The chorus lines are:-

 Sea of heartbreak, lost love an' loneliness;
 Memories of your caress, so divine
 I wish you were mine again, my dear.
 I am on this sea of tears:
 Sea of heartbreak.

==Chart performance==

| Chart (1961) | Peak position |
|---|---|
| US Hot Country Songs (Billboard) | 2 |
| U.S. Billboard Hot 100 | 21 |
| U.K. Singles Chart | 14 |
| Norwegian Singles Chart | 10 |

== Kenny Price version ==

Kenny Price recorded the song in 1972, and peaked at number 24 on the country charts in the USA. It was included on his album of the same name.

===Chart performance===

| Chart (1972) | Peak position |
|---|---|
| US Hot Country Songs (Billboard) | 24 |
| Canadian RPM Country Tracks | 13 |

==Ronnie McDowell version==

"Sea of Heartbreak" was also a single by the American country music artist Ronnie McDowell. Released in 1989, it was the first single from the album American Music. The song reached #39 on the Billboard Hot Country Singles & Tracks chart.

===Chart performance===

| Chart (1989) | Peak position |
|---|---|
| US Hot Country Songs (Billboard) | 39 |

==Other cover versions==
Johnny Cash recorded the song for his Grammy-winning 1996 album Unchained. Cash's daughter, Rosanne Cash, covered the song in 2009 as a duet with Bruce Springsteen on her album The List. British pop group The Searchers recorded a version in 1964 for their album It's the Searchers. The Everly Brothers covered the song on their 1967 album, The Hit Sound of the Everly Brothers. In 1982, Poco went to #35 in the USA on the Adult Contemporary chart with their version. The Hawaiian group Kapena recorded their cover of the song in 1996. In 2004, Jimmy Buffett recorded a version for his License to Chill album. George Strait was featured on this rendition.

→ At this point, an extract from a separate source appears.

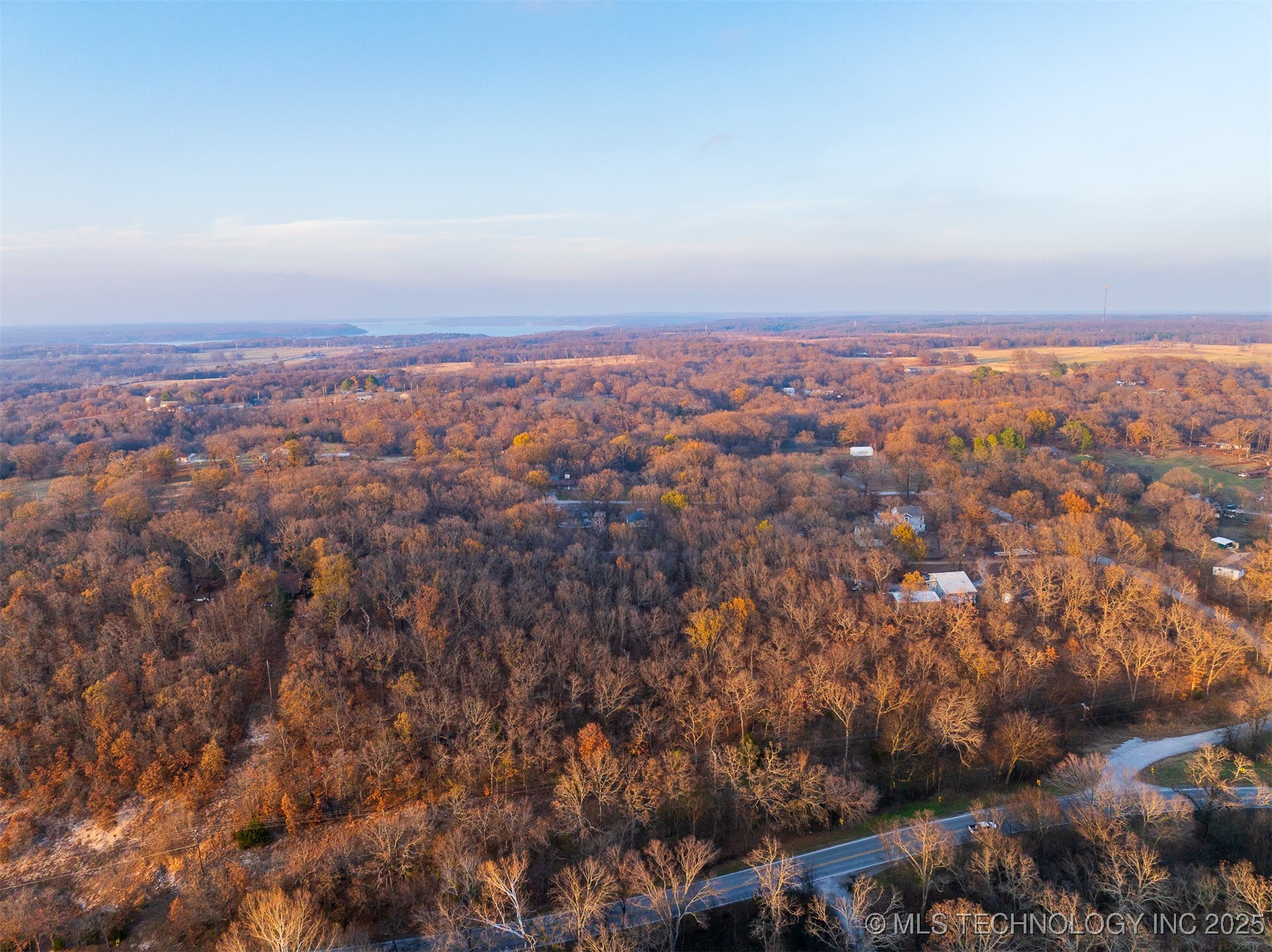 6594 E 563 Road Property Photo 29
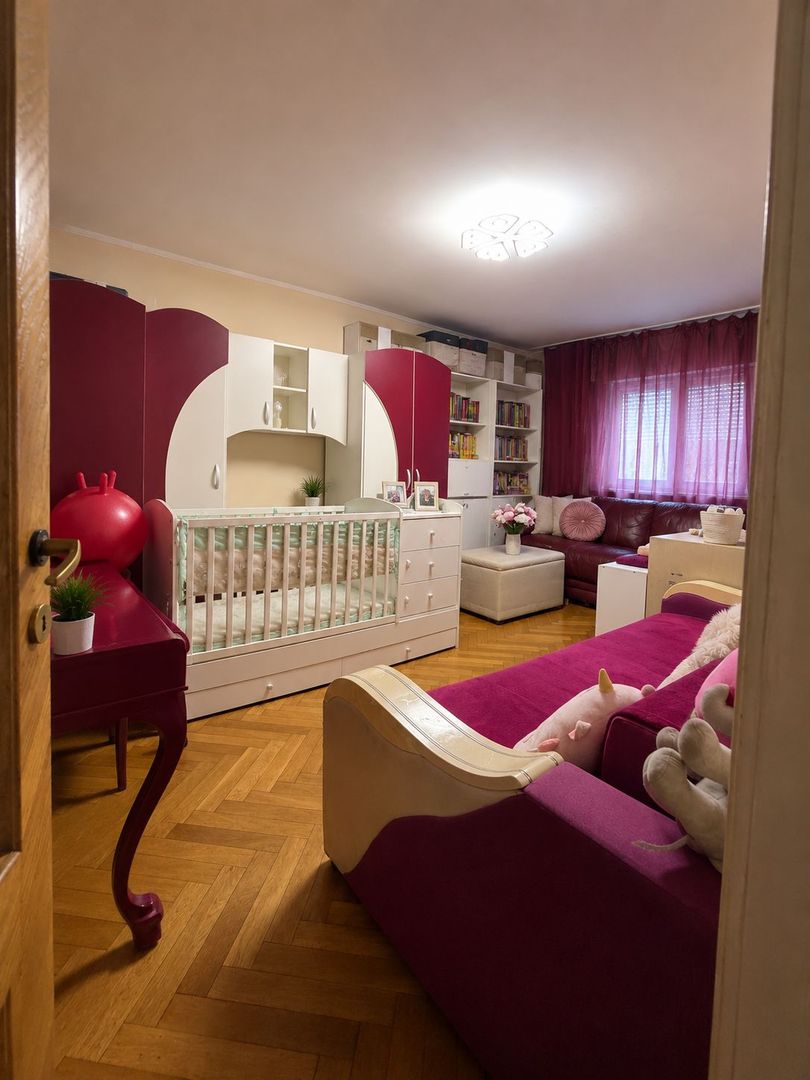 Apartament 3 camere,  decomandat, Zona Dacia - Poză 3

The alternative rock band Meat Puppets recorded a version of the song that was featured on the 2019 album Dusty Notes. Lynn Anderson released the song as a single in 1979 from her Outlaw Is Just a State of Mind album and it peaked at number 33 on Billboard's Hot Country Singles chart. Yugoslav rock band Džentlmeni released a Serbo-Croatian version of the song, entitled "Slomljena srca" ("Broken Hearts"), in 1969, the song becoming a large hit in Yugoslavia. Their version appeared in the 1998 Serbian hit film Barking at the Stars. Poco included their version of the song on their 1982 album Cowboys & Englishmen. Czech country singer Michal Tučný released a version of the song, entitled "Snídaně v trávě" ("Breakfast on the Grass"), with lyrics by Zdeněk Rytíř, in 1980.